● **Data for this exercise**:
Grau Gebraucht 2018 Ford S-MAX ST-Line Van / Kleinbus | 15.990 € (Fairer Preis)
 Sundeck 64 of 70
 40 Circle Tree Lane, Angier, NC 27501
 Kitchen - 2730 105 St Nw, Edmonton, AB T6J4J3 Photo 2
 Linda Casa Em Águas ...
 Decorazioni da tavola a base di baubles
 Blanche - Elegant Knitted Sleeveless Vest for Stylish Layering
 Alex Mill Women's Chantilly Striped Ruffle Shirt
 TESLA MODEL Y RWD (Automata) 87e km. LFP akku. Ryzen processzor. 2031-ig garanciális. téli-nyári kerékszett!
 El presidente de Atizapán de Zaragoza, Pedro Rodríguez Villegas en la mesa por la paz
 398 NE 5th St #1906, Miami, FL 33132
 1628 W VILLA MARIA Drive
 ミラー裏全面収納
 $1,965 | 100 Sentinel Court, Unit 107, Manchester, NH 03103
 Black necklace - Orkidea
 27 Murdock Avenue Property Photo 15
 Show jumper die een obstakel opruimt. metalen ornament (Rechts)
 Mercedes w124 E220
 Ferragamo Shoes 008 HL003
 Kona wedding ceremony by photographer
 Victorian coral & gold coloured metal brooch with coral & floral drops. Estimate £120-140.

● **Exercise aim**: Reproduce exactly the lines that run from the start of the records to the line with "Alex Mill Women's", both included.

● **Answer to the problem**:
Grau Gebraucht 2018 Ford S-MAX ST-Line Van / Kleinbus | 15.990 € (Fairer Preis)
 Sundeck 64 of 70
 40 Circle Tree Lane, Angier, NC 27501
 Kitchen - 2730 105 St Nw, Edmonton, AB T6J4J3 Photo 2
 Linda Casa Em Águas ...
 Decorazioni da tavola a base di baubles
 Blanche - Elegant Knitted Sleeveless Vest for Stylish Layering
 Alex Mill Women's Chantilly Striped Ruffle Shirt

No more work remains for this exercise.